As the years go on, Albert’s use of love to manipulate Mileva widens in scope. He has affairs with other women and blames her for them. He accuses her of being selfish and is uninterested in how his behavior hurts her. In the later years of their marriage, he manipulates her into staying with him. He dismisses her valid complaints about their life together by making it seem like she’s the problem. This again is a power move: He knows that her career is over and that their children keep her reliant on him.

There is real love in this book. Albert and Mileva start their relationship with love, and Mileva’s love transfers to her children. She sacrifices herself for their security and never stops longing for her beloved daughter, from whom she was separated for most of the child’s young life due to Albert’s control of her. Mileva’s love for her surviving sons and her realization that she can find a way to provide for them without remaining chained to Albert frees her and inspires her to start loving herself again.

Science and Math as Religion

The Other Einstein is a novel about a woman’s journey to free herself of restrictive societal norms, but it is also a love letter to science and math. In the 19th and early 20th centuries, there was tension between institutions of science and religion. Religious codes were still important to the way most people lived their daily lives, and science progressed rapidly, often presenting to views of God. A tension developed: If humans can explain the wonders of the natural world with science, then perhaps God may be proven not to exist.

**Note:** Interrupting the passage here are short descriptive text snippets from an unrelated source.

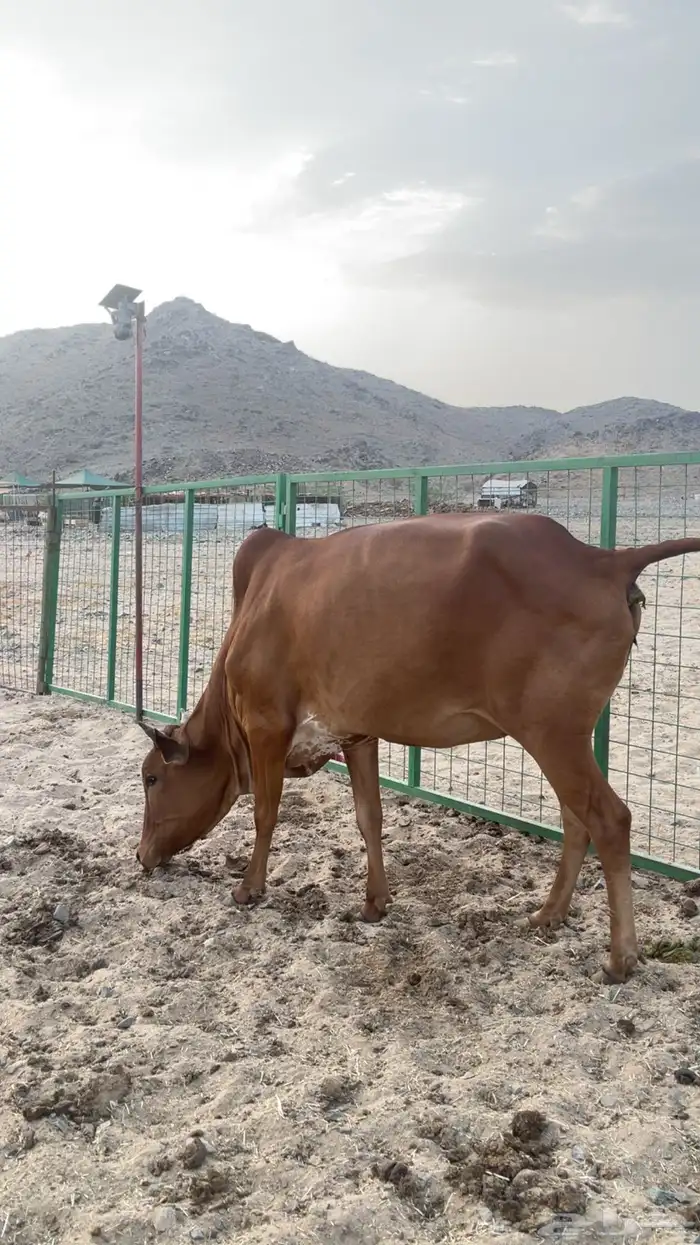 بقرة بلدي للبيع 3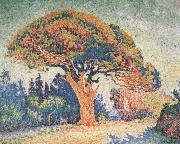 Paul Signac Pine Tree at Saint-Tropez oil painting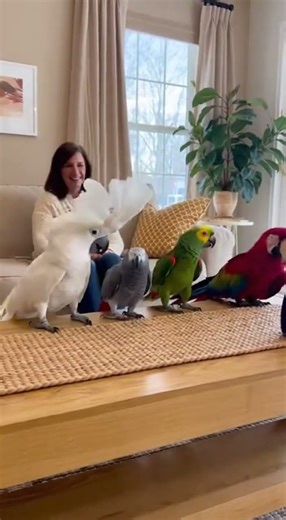 Line Dancing is the Best Dancing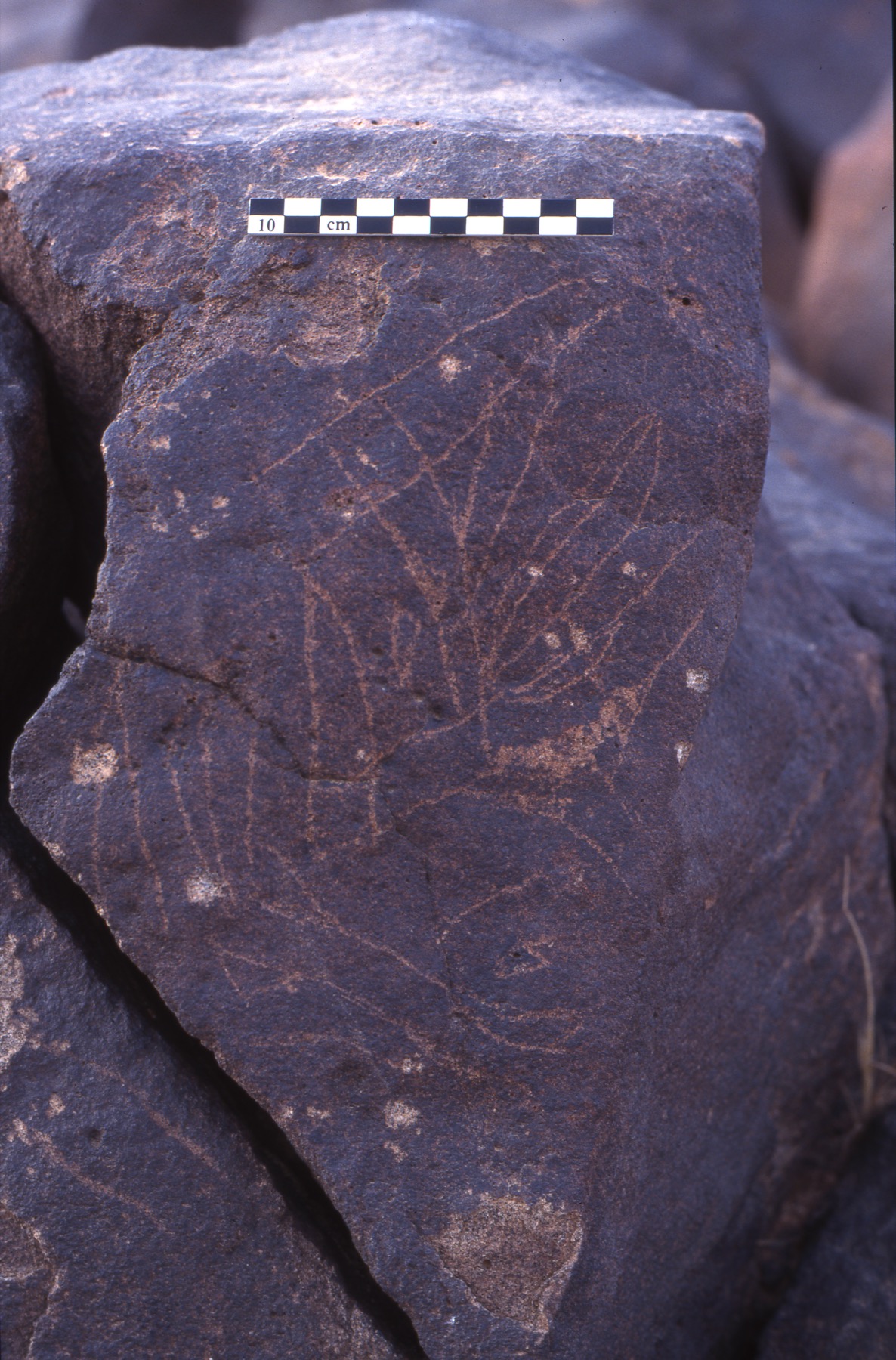 inscription of siglum Is.H 125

Mileva presents her own solution to this tension. For her, physics is so beautiful that it must encompass the presence of God. Mileva sees science and math as evidence of God’s greatness, not proof of his absence. Mileva’s mother is more traditionally Christian than she is, but Mileva’s communion with God occurs when she is deeply into her research and theorizing. This proximity to God’s work is part of what inspires her passion for science and mathematics. When she is separated from her work, she is also separated from her faith in God.

Science and math as a religious practice become even more important after the death of Lieserl. Mileva calls her discovery of the theory of relativity an “epiphany,” a message from God. This epiphany occurs in Mileva’s darkest moments. She is suffering alone through her grief over losing Lieserl, a daughter she didn’t really get the chance to know because of Albert. The theory of relativity, therefore, is like a gift from the universe to keep her motivated to continue with her life and work. This makes his robbery of the theory a direct insult to Mileva’s role as a mother. For her, the connection between the loss of Lieserl and the discovery of relativity is sacrosanct. Mileva wants the world to know about the theory of relativity as her own private homage to Lieserl, a symbolic apology for Mileva’s absence from her daughter’s short life. In the epilogue, Mileva spends her final moments bearing internal witness to the theory of relativity’s leading her directly back to her long-lost daughter. The light at the end of the tunnel is Lieserl, and that tunnel is God and physics.